12.4 LoadBalancer: Cloud Provider Integration

Right, so you’ve arrived at the LoadBalancer. This is where Kubernetes gets off its high horse of elegant abstraction and says, “Fine, you want to talk to the real world? Let’s call your cloud provider.” A LoadBalancer service is essentially a NodePort service with a superpower: it knows how to automatically phone home to your cloud platform (AWS, GCP, Azure, etc.) and ask it to provision a brand-spanking-new external load balancer pointed right at your service.

This is the “just make it work” button. You define it, and a few moments later, you get a public IP or DNS name that distributes traffic to all the healthy pods in your service. It’s magic. Expensive magic, but magic nonetheless.

The Cloud Provider Machinery

Here’s the thing Kubernetes the project doesn’t tell you: it doesn’t know how to create load balancers. Zero. Zilch. It outsources that job to a separate controller that runs in your cluster, often called the Cloud Controller Manager (CCM). This CCM is provided by your cloud provider. It’s their code, watching the Kubernetes API for Service objects with type: LoadBalancer. When it sees one, it springs into action.

It translates your Kubernetes Service manifest into a native API call to its own platform. In AWS, it creates a Network Load Balancer (NLB) or Classic Load Balancer (ELB). In GCP, it creates a Network Load Balancer. In Azure, it’s an Azure Load Balancer. This is why the LoadBalancer type is fundamentally a cloud-locked feature. Try this on your local minikube or kind cluster, and it will “work” but just hang forever in Pending because there’s no cloud provider to answer the call. Those tools often have their own workarounds, like minikube tunnel, which is basically a clever hack to mimic this behavior.

A Basic, Boring, and Effective Example

Let’s define one. It looks almost identical to a NodePort service, but the type changes.

apiVersion: v1
kind: Service
metadata:
  name: my-awesome-app-loadbalancer
spec:
  selector:
    app: my-awesome-app
  ports:
    - protocol: TCP
      port: 80          # The port the Load Balancer listens on
      targetPort: 8080  # The port the pods are listening on
  type: LoadBalancer

Apply this manifest in AWS, and after 30-120 seconds (cloud providers are not known for their haste), the kubectl get svc output will show an EXTERNAL-IP. That’s your public endpoint.

$ kubectl get svc my-awesome-app-loadbalancer
NAME                             TYPE           CLUSTER-IP       EXTERNAL-IP                                                              PORT(S)        AGE
my-awesome-app-loadbalancer      LoadBalancer   10.100.XXX.XXX   a01234567890abcdef1234567890abcd-1234567890.us-west-2.elb.amazonaws.com   80:32456/TCP   2m

The Devil in the Details: Annotations and Spec

This is where the designers said, “Every cloud is different, so instead of a clean API, let’s use annotations.” It’s a pragmatic, if ugly, choice. You use provider-specific annotations to configure the heck out of the underlying load balancer.

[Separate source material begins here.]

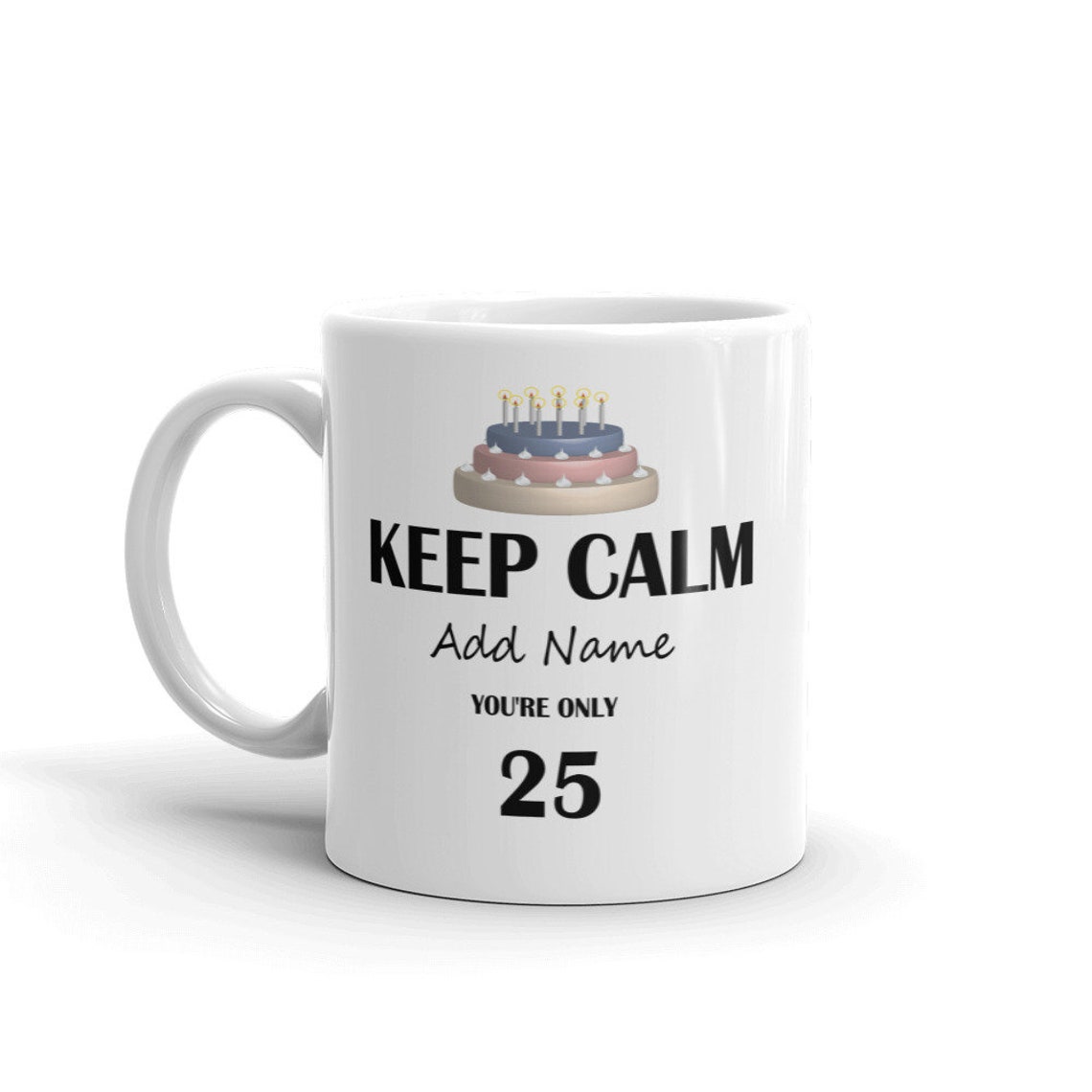 Mug Present For 25 Year Old Daughter 24 Best 25th Birthday Gift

Want an AWS Network Load Balancer (NLB) instead of the classic? Want to set idle connection timeouts? SSL certificates? Internal vs. external facing? It’s all in the annotations.

apiVersion: v1
kind: Service
metadata:
  name: my-nlb-service
  annotations:
    service.beta.kubernetes.io/aws-load-balancer-type: "nlb" # Specific to AWS!
    service.beta.kubernetes.io/aws-load-balancer-connection-idle-timeout: "60" # Also AWS
spec:
  selector:
    app: my-app
  ports:
    - protocol: TCP
      port: 443
      targetPort: 8443
  type: LoadBalancer

The loadBalancerIP field in the spec is a cruel joke on some platforms (like AWS) where the IP is managed entirely by the cloud provider and you can’t request a specific one here. On others (like GCP and Azure), you can sometimes specify a pre-reserved static IP. You must consult your cloud provider’s documentation, which is the unofficial addendum to the Kubernetes docs.

The Cost of Convenience (The Big Gotcha)

Here’s the rough edge I need you to understand: every LoadBalancer service typically provisions a new cloud load balancer instance. Those things are expensive. They are not just IP addresses; they are full-blown, highly available infrastructure components with hourly costs and data processing charges.

If you naively create one Service per application, your cloud bill will look like a telephone number from the 1980s. The best practice, the one we use in the trenches, is to use an Ingress controller. You provision one LoadBalancer service for your ingress controller (like NGINX, Traefik, or ALB Controller). Then, you define Ingress resources for your individual applications. Those Ingress rules are routed through that single, expensive load balancer, saving you a small fortune. The LoadBalancer service is your gateway to the world, but you shouldn’t need a new gateway for every house in your neighborhood.